→ **RECORDS FOR THIS EXERCISE**:
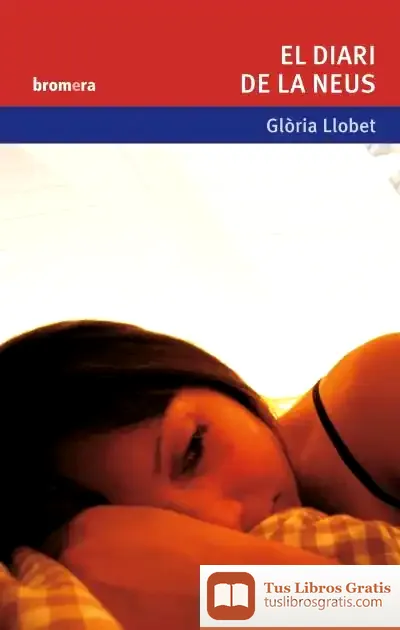 Descargar El Diari De La Neus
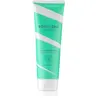 Image de Bouclème Scalp Exfoliating Shampoo Shampoo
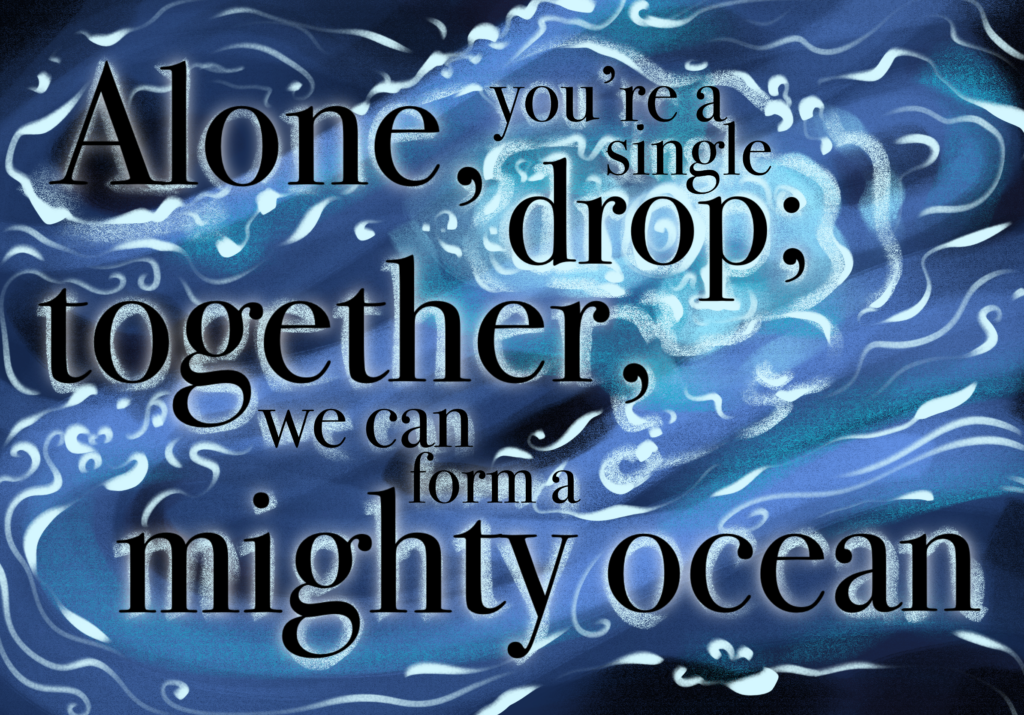 Two-Timing Tribulations Tussle With Students’ Teachings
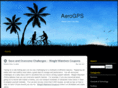aerogps.com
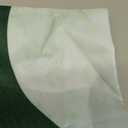 BSI NCAA College Michigan State Spartans 3 X 5 Foot Flag with Grommets Nation Flag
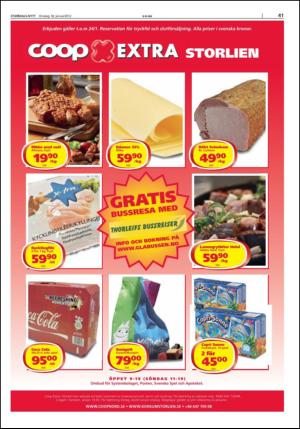 stjordalsnytt-20120118_000_00_00_041.pdf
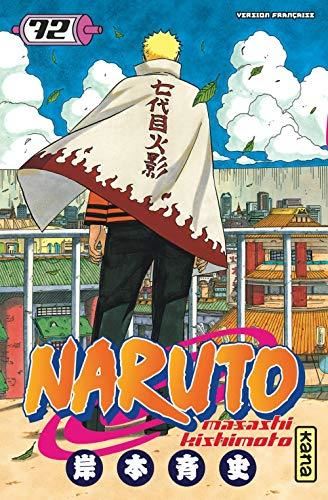 Naruto -72-
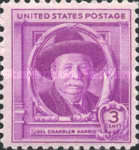 Stamp 789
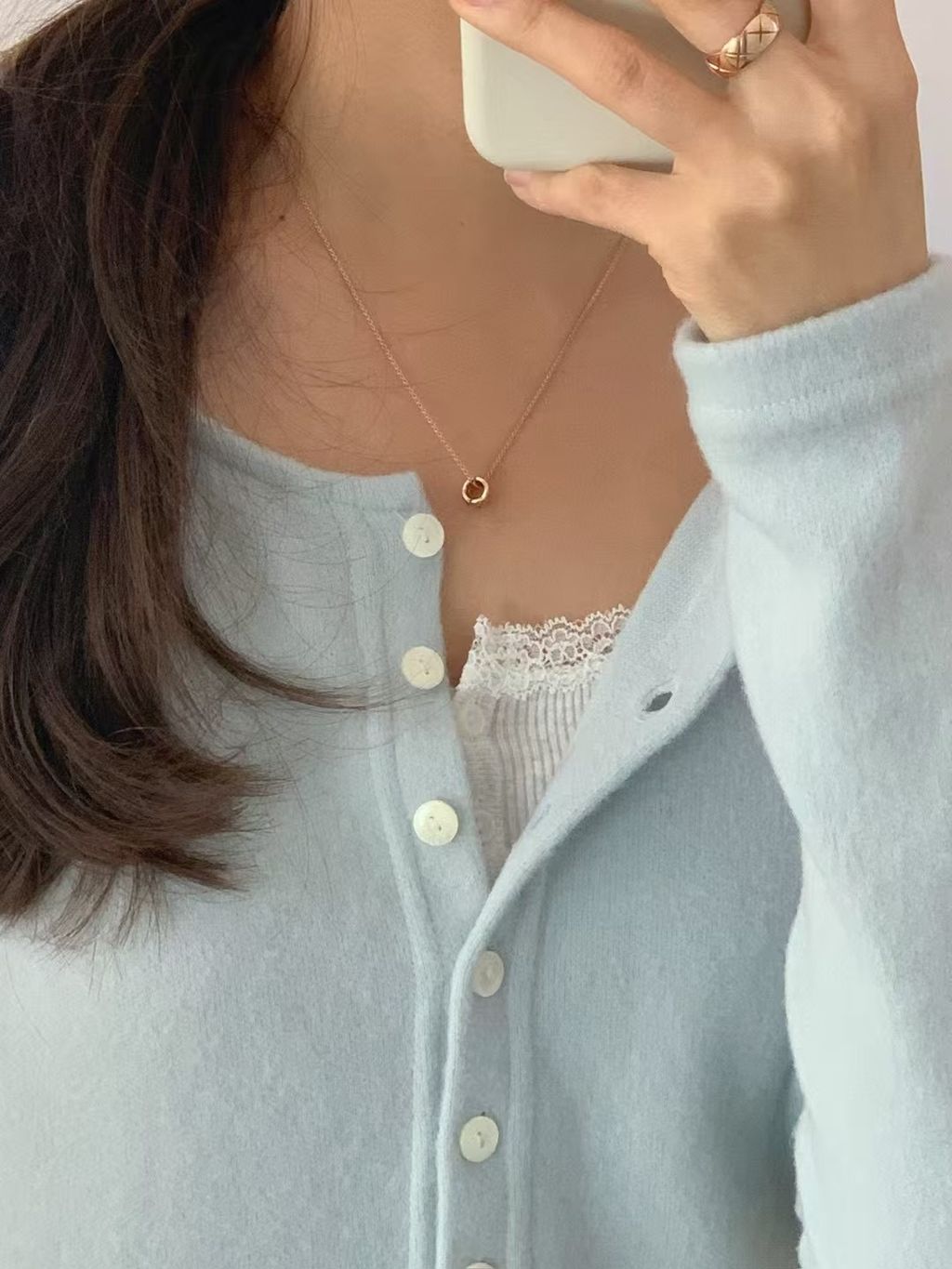 d57bb371ef12cf28572030eea4c8d249 2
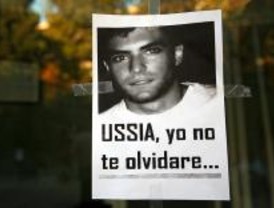 Gallardón cree hablar de inseguridad perjudica a Madrid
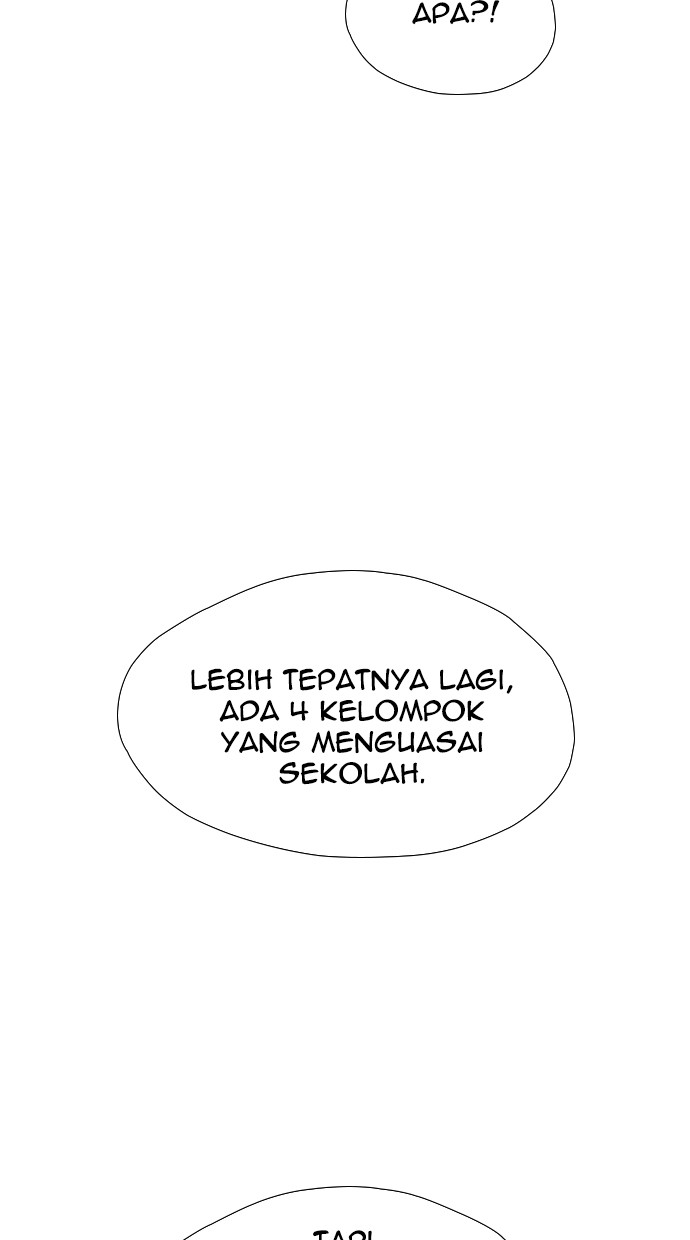 Reawaken Man Chapter 137 Gambar 68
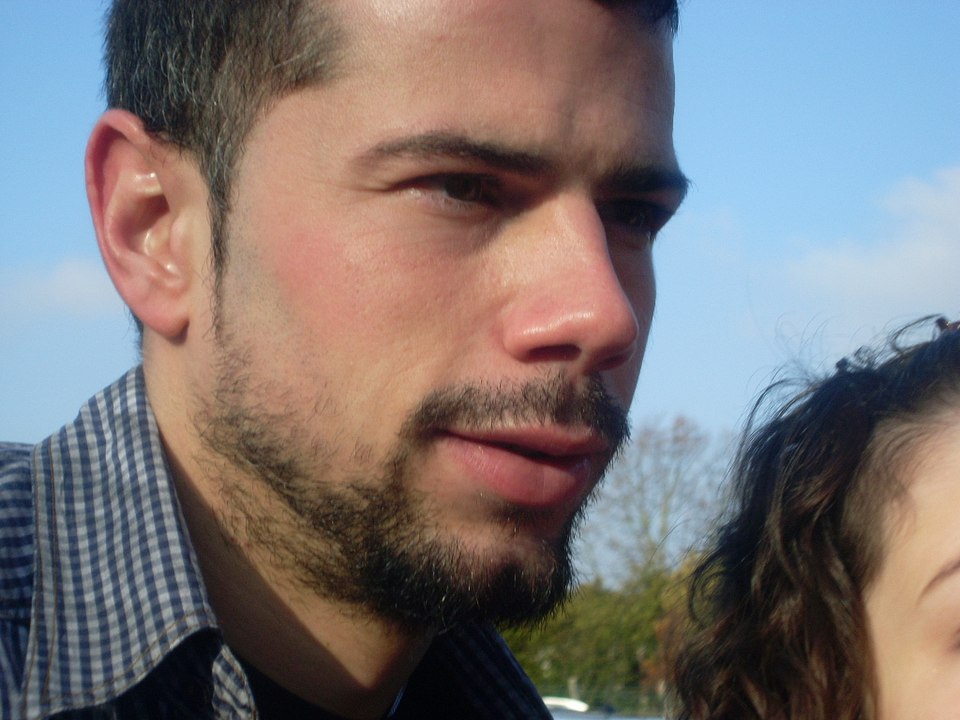 Mateja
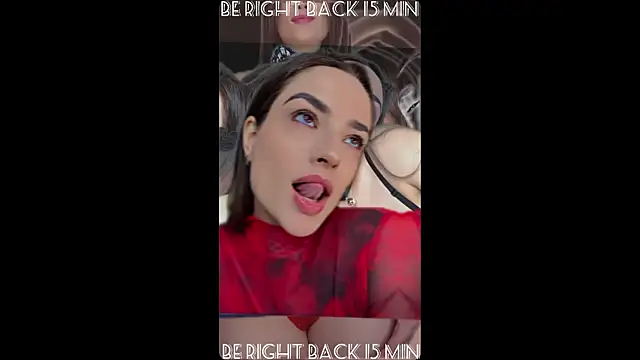 Snapshot of Camilla__one__ chatting on December 19, 2025, 1:09 am Camilla one online show from December 19, 2025, 1:09 am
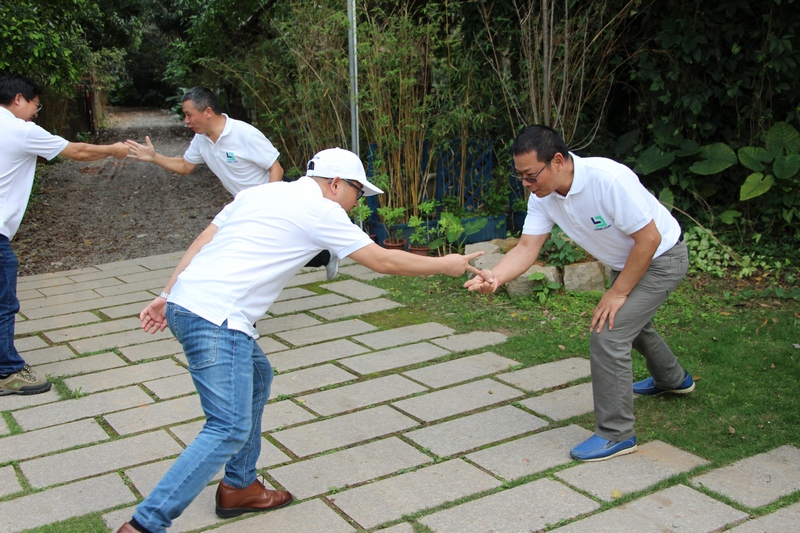 游艇会yth0008——凝心聚力,2019再创辉煌 游艇会yth0008——凝心聚力,2019再创辉煌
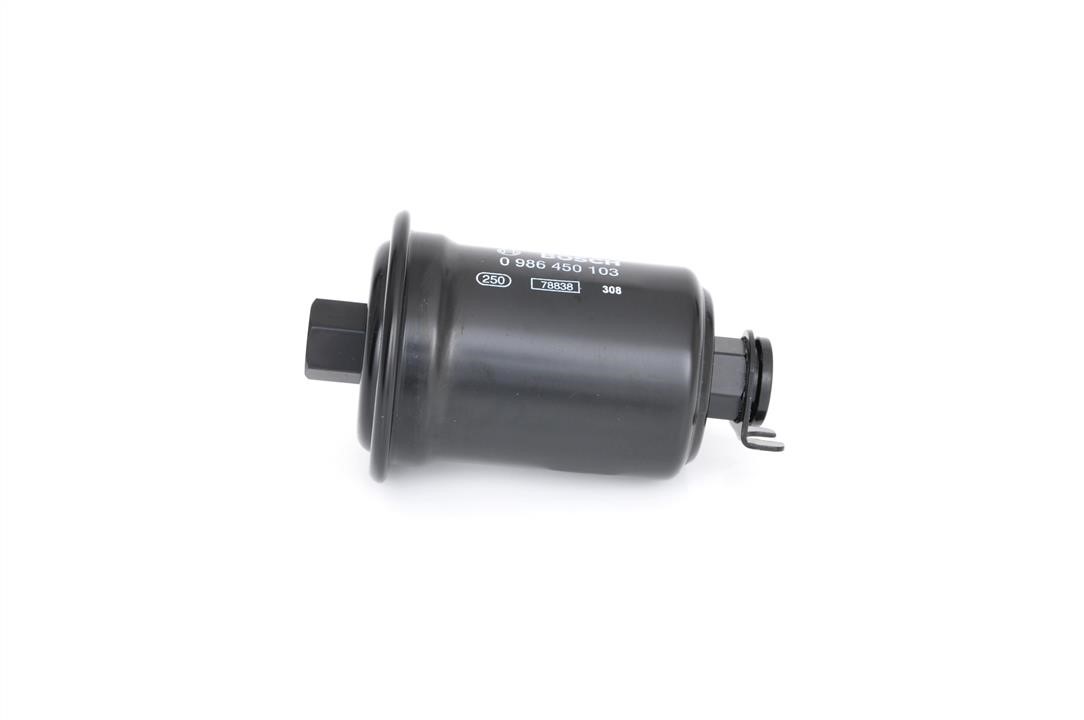 Buy Bosch 0986450103 – good price at EXIST.AE!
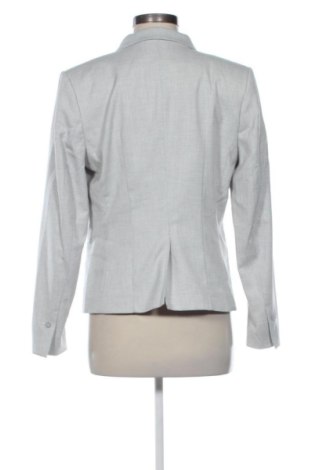 Damen Blazer H&M, Größe L, Farbe Grau, Preis 25,00 €
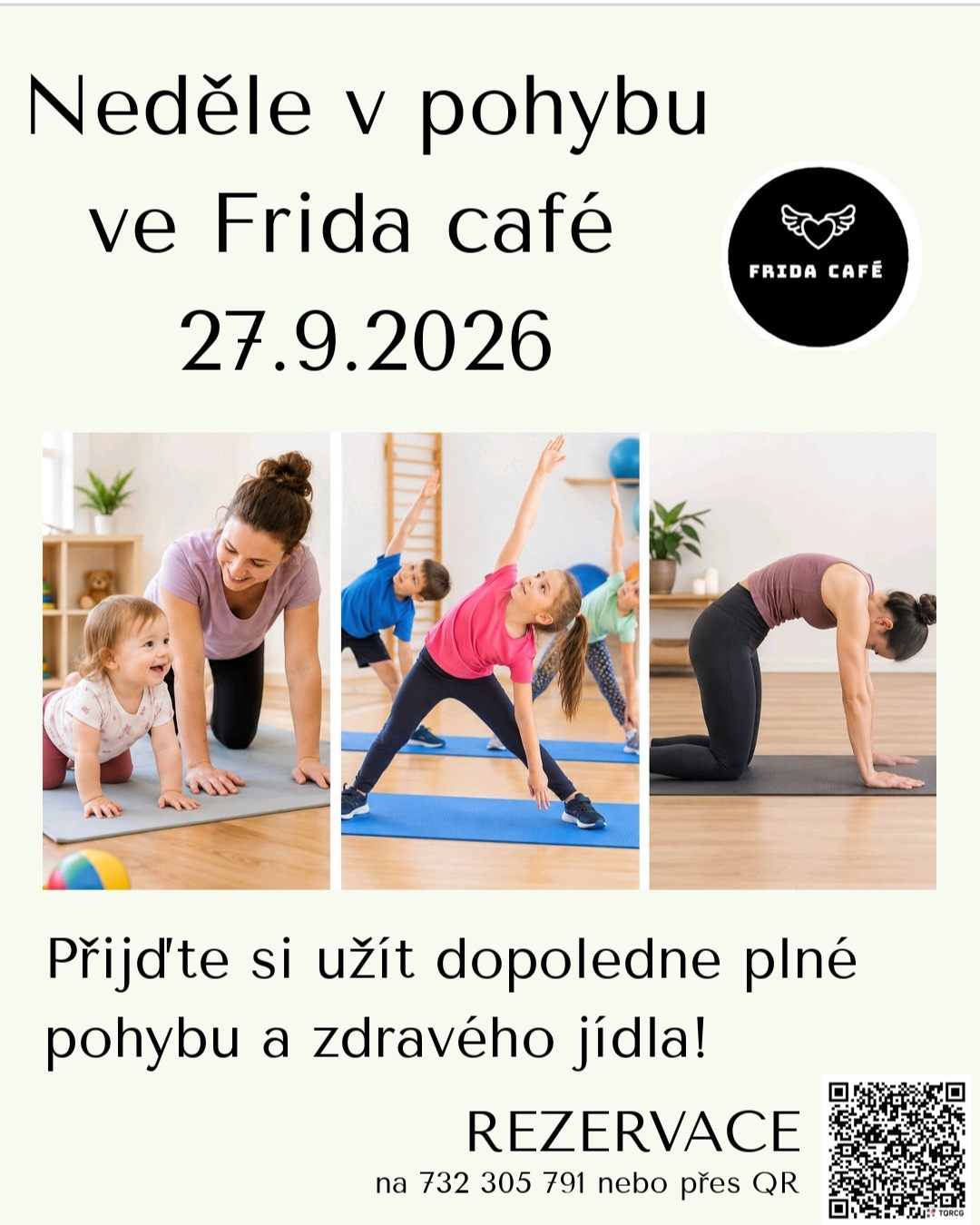 Plakát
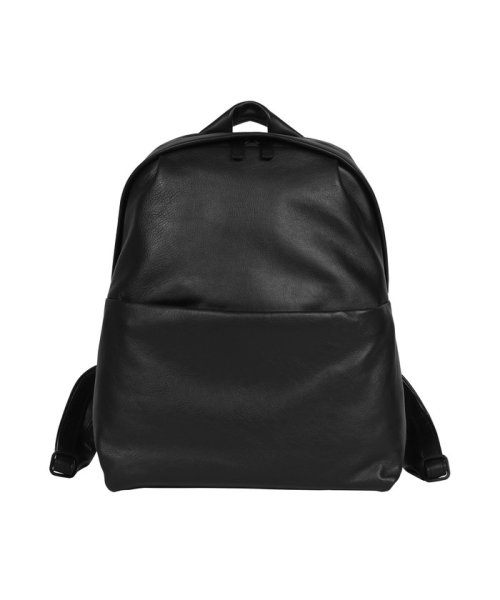 [カンペール] Naia リュック 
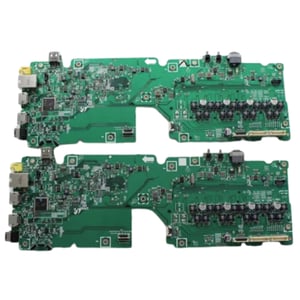 Pcb Assembly AH94-03648A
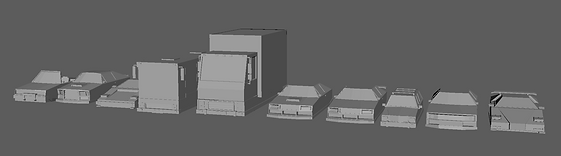 Captura de pantalla 2024-07-09 a la(s) 09.31.14.png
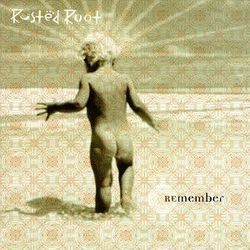 Sister Contine Chords by Root Rusted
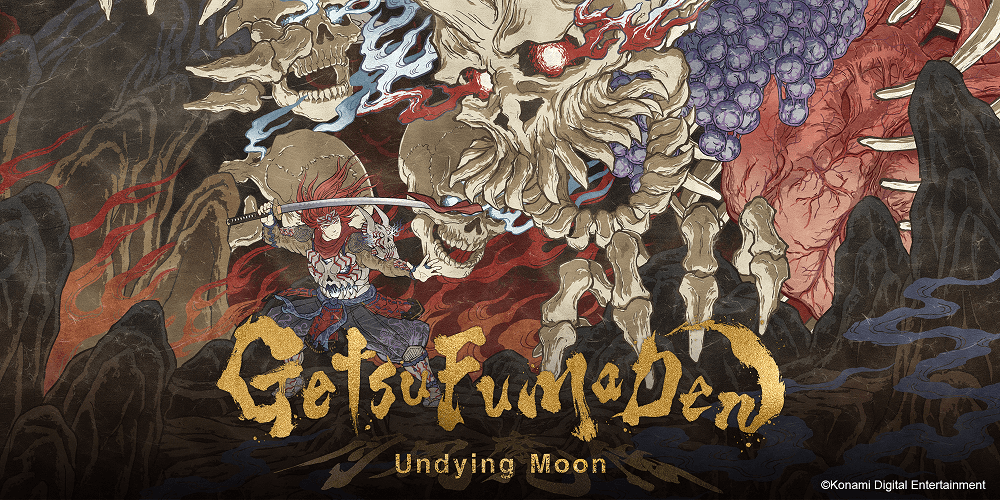 GetsuFumaDen-Undying-Moon-jogo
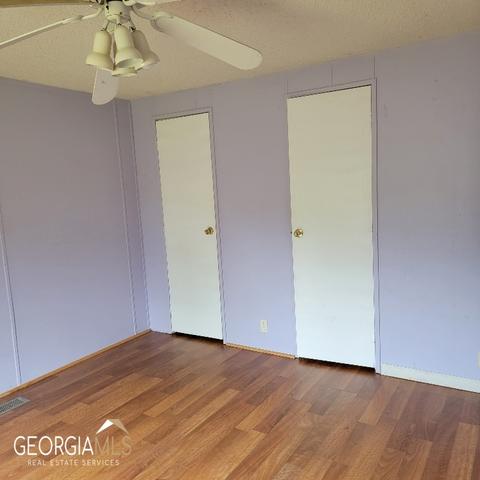 163 Robertson Rd, Lagrange, GA 30241 photo 10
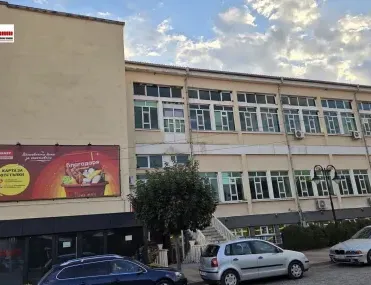 Други, Пазарджик, Южна България - снимка 2 от 7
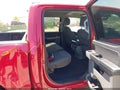 2024 Ford F-150 Lightning — photo 8 of 22 | VIN 1FTVW3LK3RWG06308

→ **PROBLEM TO WORK ON**:
Could the entries above be restated word for word, with the pictures left out?

→ **ANSWER TO THIS TASK**:
 Descargar El Diari De La Neus
 Image de Bouclème Scalp Exfoliating Shampoo Shampoo
 Two-Timing Tribulations Tussle With Students’ Teachings
aerogps.com
 BSI NCAA College Michigan State Spartans 3 X 5 Foot Flag with Grommets Nation Flag
 stjordalsnytt-20120118_000_00_00_041.pdf
 Naruto -72-
 Stamp 789
 d57bb371ef12cf28572030eea4c8d249 2
 Gallardón cree hablar de inseguridad perjudica a Madrid
 Reawaken Man Chapter 137 Gambar 68
 Mateja
 Snapshot of Camilla__one__ chatting on December 19, 2025, 1:09 am Camilla one online show from December 19, 2025, 1:09 am
 游艇会yth0008——凝心聚力,2019再创辉煌 游艇会yth0008——凝心聚力,2019再创辉煌
 Buy Bosch 0986450103 – good price at EXIST.AE!
 Damen Blazer H&M, Größe L, Farbe Grau, Preis 25,00 €
 Plakát
 [カンペール] Naia リュック 
 Pcb Assembly AH94-03648A
 Captura de pantalla 2024-07-09 a la(s) 09.31.14.png
 Sister Contine Chords by Root Rusted
 GetsuFumaDen-Undying-Moon-jogo
 163 Robertson Rd, Lagrange, GA 30241 photo 10
 Други, Пазарджик, Южна България - снимка 2 от 7
 2024 Ford F-150 Lightning — photo 8 of 22 | VIN 1FTVW3LK3RWG06308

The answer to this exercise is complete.